Early May was marked by political tension in the Crimea, because this year the population of the peninsula marked 60 years since the Stalinist deportation of local ethnic groups. Some time before it, the peninsula was visited by Ukrainian President Leonid Kuchma, who promised to celebrate Holy Easter in the Crimea, and Turkish Prime Minister Recep Erdogan, who called on the residents of this problem-ridden part of Ukraine "to abandon the obsolete ideology of racism and nationalism." Ethnic relations are far from harmonious on the peninsula, and some experts think it may repeat the fate of Kosovo or Cyprus.
The tragedy of Crimean Tartars differs from that of the other national groups "punished" by Stalin. Unlike Chechens, Ingush, Balkars, Karachayevs and Kalmyks, the Crimean Tartars were not partially rehabilitated during the Khrushchev "thaw" and were not granted, as political compensation, "an autonomous area" of their own. In this sense, their case is similar to the history of the Volga Germans, who lived as an ethnic community in the current Saratov region before their deportation. On the other hand, the Volga Region has never been the Russian Germans' proper fatherland, and those who wanted to leave Stepmother Russia have done so.
But Tartars and the Crimea are quite another matter. The very image of the peninsula is the core of the ethnic self-identification of the Crimean Tartars, who had a state there from the late 15th century to 1783. Though the Crimean Khanate was subordinate to the Ottoman Empire and pursued the sultan's policy, the general public views the Girei Dynasty as the golden age of the Crimean Tartar state, which was respected on the world scene.
The last Tartar raid on the outskirts of the Russian Empire came in 1769 but the Russian reformer tsar, Peter the Great, sent "gifts" to the Crimean Khan as late as in 1709. This explains the political passion of the ethnic movement of the Crimean Tartars and the radicalism of their slogans, which Russian and Ukrainian experts note. The 55th anniversary of deportation five years ago was marred by political excesses, including extremist calls for transforming the Crimea into the ethnic property of the Crimean Tartars, the appearance of militant Tartar youths, and the dispatch of Ukrainian military hardware to Simferopol. Happily, the problem was settled at the time.

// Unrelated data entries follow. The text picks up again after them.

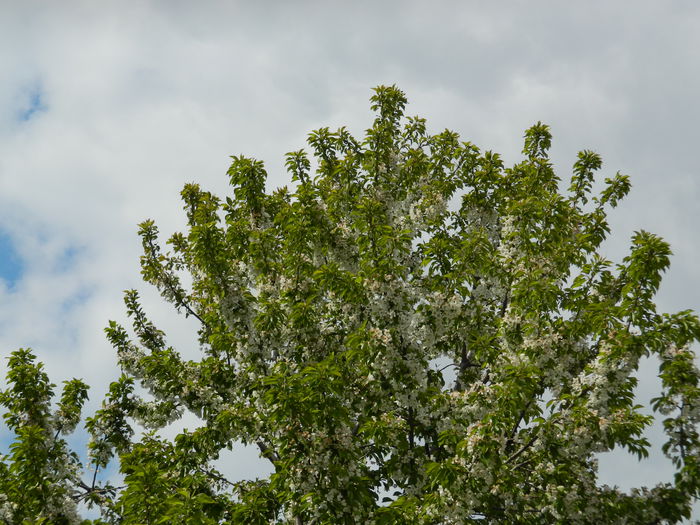 DSCN4585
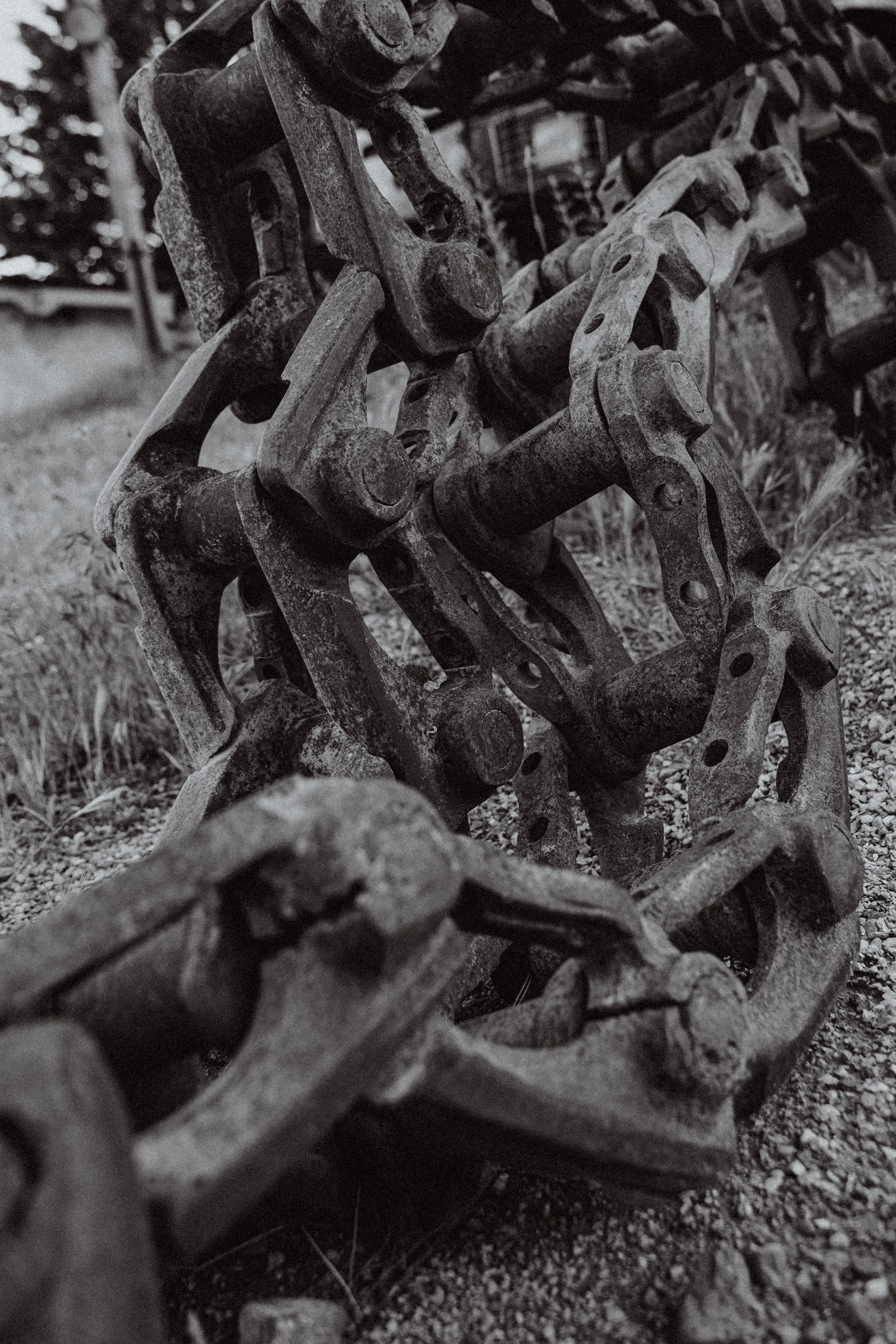 Евгений. Мария Кобзева, фотограф в Ялте, Крым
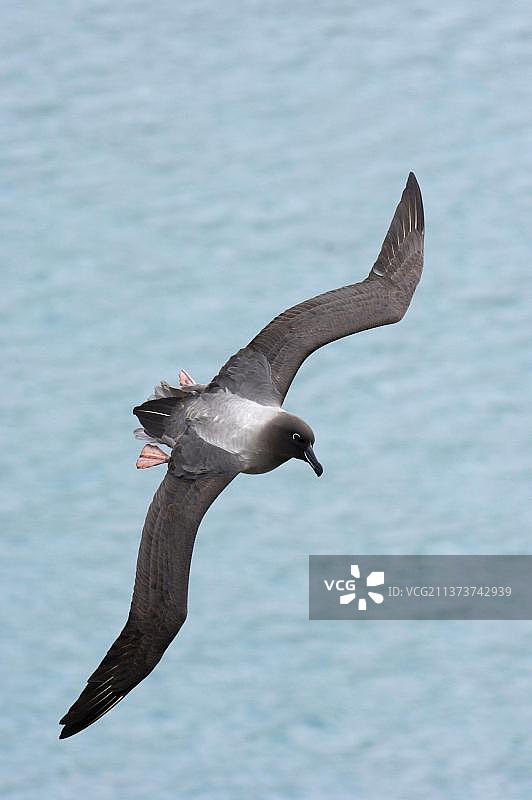 在海上飞行的灰背信天翁成年个体，南乔治亚图片素材
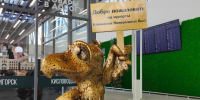 Сбои в расписании: какие рейсы задерживаются в аэропортах Ставрополя и Минеральных Вод - Bloknot-Stavropol.Ru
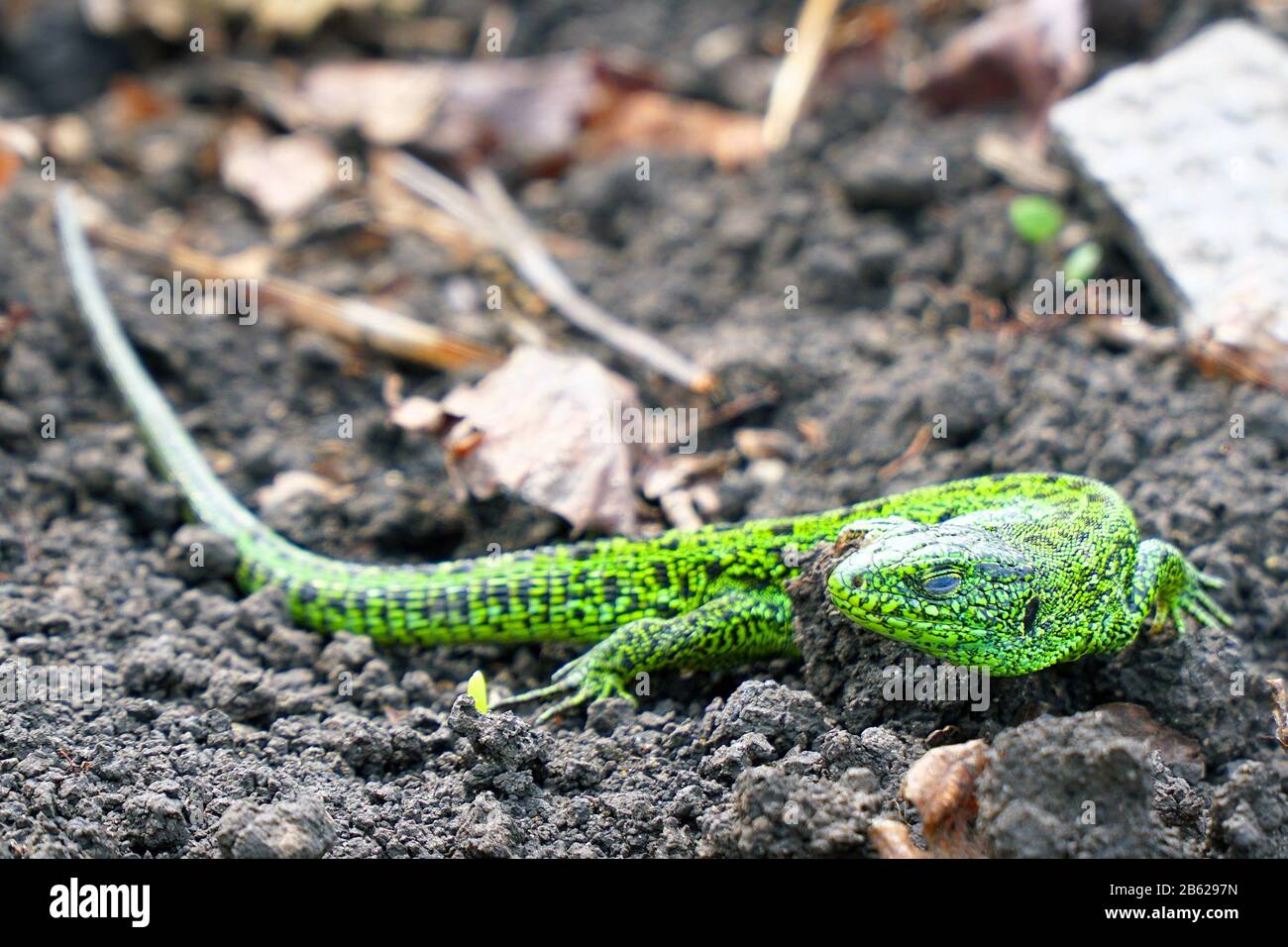 Portrait of a Small green lizard on the ground. Selective focus Stock Photo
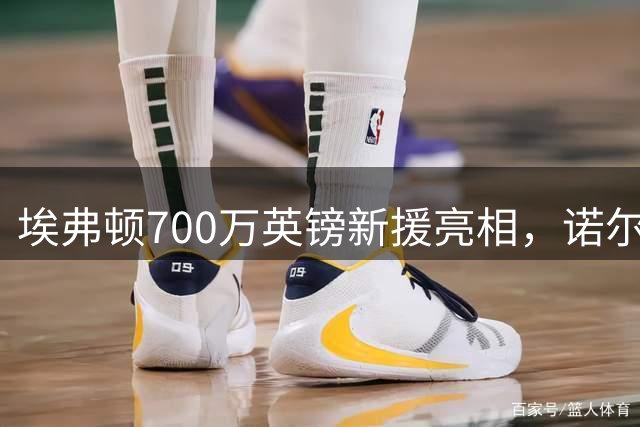 埃弗顿700万英镑新援亮相，诺尔高将为中场注入新活力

But spontaneous demonstrations and rallies are held in the Crimea sporadically and highway and railway lines are blocked, not to mention the illegal seizure of land by the Crimean Tartars. The return of the Tartars to the Crimea, which was aptly called "self-return" by a journalist, proceeded without a substantiated economic plan or an ethnic development strategy for the returning and reviving Tartar community. Vasvi Abduraimov, head of the Centre for Applied Information Technologies of the Crimea, said the peninsula "is not a Crimean Khanate or Turkish Vilayet [province]."
Alas, the new realities of Ukrainian sovereignty and the domination of the Russian population holding Russian passports and entertaining strong pro-Russian views went unnoticed by many leaders of the Crimean Tartar national movement. They advanced the idea of the Crimea as the collective ethnic property of the Crimean Tartars and claimed that the latter had the exclusive right to economic and political domination in their "homeland." Hence the striving to create Tartar bodies of power (majlis, kurultai) and to set Tartar authority against the official structures of the Crimean autonomy and Ukraine.
What did the authorities do in this situation? Ukraine gained not just independence but also an acute problem of national identity and a seat of double-edged ethnic separatism. On the one hand, there is the mass desire of the dominant Russian community in the Crimea to achieve a union with Russia. On the other hand, the movement of the Crimean Tartars, though it has frequently advanced anti-Russian slogans, is largely xenophobic also with regard to the Ukrainian authorities.
Meanwhile, Russia knows that it cannot "regain the Crimea" and has no plans to this effect. Did Khrushchev have the right to "present" the Crimea to Ukraine in the 1950s? Was Yeltsin right when he did not fight for Sevastopol? These are issues of history, and emotions should be left on one side. Our policy must be guided by common sense.